Original residents help Rolling Meadows celebrate
When Violet Zimmanck and her husband moved to Rolling Meadows in 1955 there were only three houses on their block.
“We watched them all come up around us,” said Zimmanck, who at 97 years old still lives in same house 60 years later.
Her daughter, Carol, was in the first graduating class from Kimball Hill Elementary School and worked at the Jewel along Kirchoff Road as a teenager.
As Rolling Meadows celebrated its 60th anniversary of its incorporation on Thursday night, officials took time to recognize Carol and Violet along with about 20 other residents who have lived in the city since the beginning, as well as Jewel, one of only two businesses that have been in the city all 60 years.
“I think it's a great city,” Violet Zimmanck said. “We've always been happy here. Neighbors love each other.”
She and a friend bought two houses next door to one another for $25,000, total.
When Kimball Hill, now recognized as the father of Rolling Meadows, set out to build the town it was meant to be an affordable place for returning World War II veterans to raise their families, said Mayor Tom Rooney.

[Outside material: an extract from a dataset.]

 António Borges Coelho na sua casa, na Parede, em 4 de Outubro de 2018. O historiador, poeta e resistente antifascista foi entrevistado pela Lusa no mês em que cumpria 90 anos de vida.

“We came here as young brides,” said Helen Bremer, 85 and another original resident. “The housing was inexpensive, and my husband was a veteran just coming home. He's passed away, but I'm still here.”

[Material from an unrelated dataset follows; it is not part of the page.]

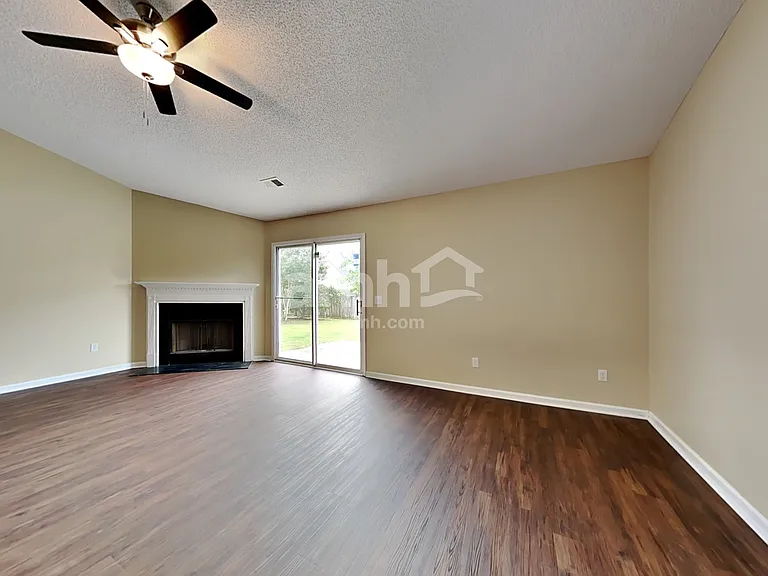 304 Southport Dr — Photo 5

Those original residents have seen Rolling Meadows grow from farmlands into a city of nearly 25,000 people.
“It was wonderful to see everything grow into what it is today,” Bremer said.

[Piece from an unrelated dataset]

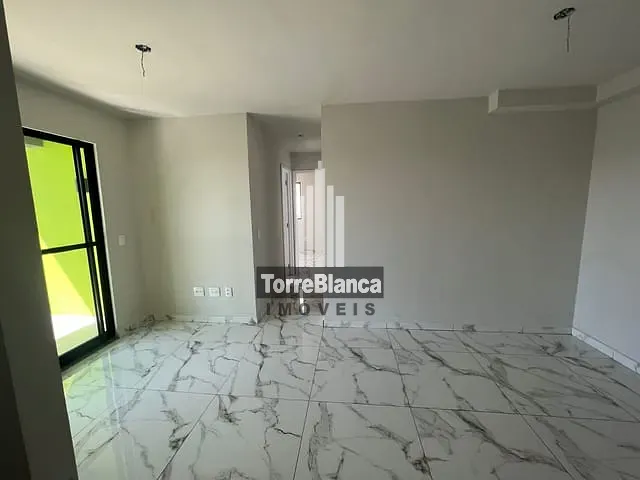 Apartamento com 83m² 3 quartos e 1 banheiro, à venda, no bairro Contorno em Ponta Grossa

“We were going to live here five years, but I still live here and I still love it,” said Delores Fredericksen, 83.
Kimball Hill's daughter-in-law Diane was on hand to celebrate the big anniversary on Thursday night along with hundreds of residents, students and community and business leaders.
“It was really quite a family affair,” Hill said.
As the town aged, children of original residents would grow up and move back to Rolling Meadows to raise their own families there, like Bonnie Wulfram.
Wulfram and her parents moved to Rolling Meadows when she was 10 years old. Years later when she was ready to buy her own house, she bought her parents' original home and still lives there today.
“I went to Kimball Hill (Elementary School) and my children and grandchildren went to Kimball Hill,” Wulfram said. “It's kind of neat to see.”